Plus souvent représenté par des auteurs sous forte influence anglo-saxonne, porteurs de visions doloristes et volontiers ultraviolentes (Martyrs, Frontière(s), A l’intérieur, etc…), le cinéma de genre français ne s’y limite pas pour autant et c’est ce que vient nous rappeler à point nommé cette escapade Dans la Forêt. Alors que se profile l’ouragan Grave, qui va légitimement occuper une bonne partie des commentateurs et amateurs de ce qu’on appelait il y a peu la « french frayeur », la création de messieurs Marchand et Moll mérite à plus d’un titre qu’on s’y penche.

Tout d’abord, parce que son dispositif détonne discrètement au sein du cinéma hexgaonal, et du cinéma fantastique en particulier. Dans la forêt suit l’errance imposé à deux jeunes garçons par leur père, qu’ils n’ont pas vu depuis plus d’un an et qui les accueille en Suède où il s’est installé, suite à un divorce qu’on devine douloureux. S’en suit une traversée physique et symbolique d’une immense forêt, où leurs rêves et cauchemars vont se matérialiser.

 

Timothé Vom Dorp - Jérémie Elkaïm

 

Trois personnages, un décor quasi-unique, une trame resserrée, qui mêle rapidement une narration naturaliste et un univers de fantasmes et de terreurs enfantines : voilà pour les ingrédients qui composent cette fable tour à tour enivrante et cruelle.

 

TANT QUE LE LOUP N’Y EST PAS…

Si le dispositif est simple, il offre à Gilles Marchand un terrain parfait pour expérimenter les mécaniques de la peur. Centrées sur une unique figure du mal lancée à la poursuite de nos héros (la silhouette terrible d’un homme défiguré), les séquences d’effroi fonctionnent avec une puissance exceptionnelle. Soutenues par un découpage dont le sens du rythme et la rigueur ne limitent jamais la charge onirique, ces scènes provoquent tantôt un effroi durable (le coup du doigt dans la plaie…) ou une décharge poétique (l’ultime accolade du « monstre »).

 

Timothé Vom Dorp

 

L’autre force qui hante Dans la forêt, c’est la finesse de son propos. Alternant entre pur thriller atmosphérique (le père veut-il mourir dans les bois avec sa progéniture ?) et le conte fantastique pur, le périple fonctionne aussi bien comme source de trouille qu’allégorie psychanalytique. Gilles Marchand a le bon goût de ne jamais tout à fait trancher, de ne pas juger ses personnages et donc de laisser au public le choix d’interpréter ce qu’il vient de voir. Songe venimeux, parabole cruelle et poétique, ou drame violent et implacable ?

 

Théo Van de Voorde - Jérémie Elkaïm - Timothé Vom Dorp

 

SIMPLER THE BETTER

De même, on apprécie d’autant plus Dans la forêt qu’il nous place dans une situation aussi inconfortable que ludique. Incapable de déterminer clairement la filiation du film, qui se penche aussi bien sur la transmission médiumnique que la relation abusive d’un père sombrant dans la folie, le film s’autorise ruptures de tons et décalages élégiaques.

 

Timothé Vom Dorp - Jérémie Elkaïm

 

Si Dans la forêt nous effraie continuellement, c’est aussi parce que le film n’oublie pas d’émerveiller. À travers le regard innocent de deux mômes réalisant que leur paternel se mue en une créature redoutable, via la rencontre croquignolette avec des campeurs fornicateurs ou lors d’une funèbre promenade en barque, Gilles Marchand nous promène avec gourmandise dans un rêve dont on n’est jamais tout à fait sûrs de ressortir.

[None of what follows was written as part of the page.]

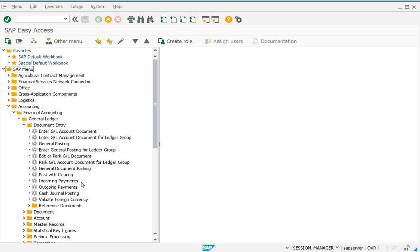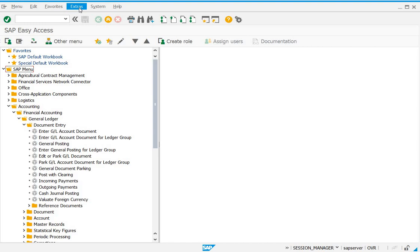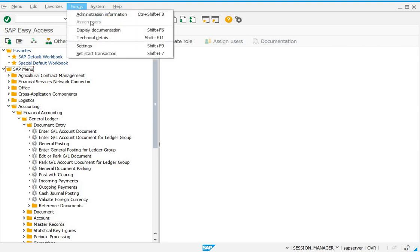If I also want transaction codes displayed in SAP menu, what we have to do is go to extras, go to settings.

À l’heure où le cinéma français cherche encore ses marques dès lors qu’il s’aventure hors des sentiers de la philosophie de comptoir parisienne ou de la comédie réac, s’égarer dans une œuvre maîtrisée, peu soucieuse des codes préétablis et capable de transcender un dispositif aussi éminemment simple, fait un bien immense.

 

Affiche officielle

 

 

Résumé

Très belle surprise que cette errance onirique, entre psychanalyse poétique et cauchemar intime.

commentaires

Loulou 16/02/2017 à 13:25

Yes, ca fait du bien de voir un real prendre le genre autant au sérieux
La dernière fois que j'ai ressenti ça, c'était avec It follows, dans un style différent certes

Oscar 16/02/2017 à 13:22

Vu hier soir, très réussi

Philmencre 15/02/2017 à 17:45

J'avais aimé Qui a tué Bambi et je vais aller voir celui-ci, je trouve que Gilles Marchand est vraiment doué et fait montre d'un sacré talent aussi bien sur la forme que sur le fond. Et chaque fois avec une proposition de cinéma originale. Ici l'histoire de départ me fait penser à ce livre de David Vann : "Sukkwan island" (que je conseille en passant...)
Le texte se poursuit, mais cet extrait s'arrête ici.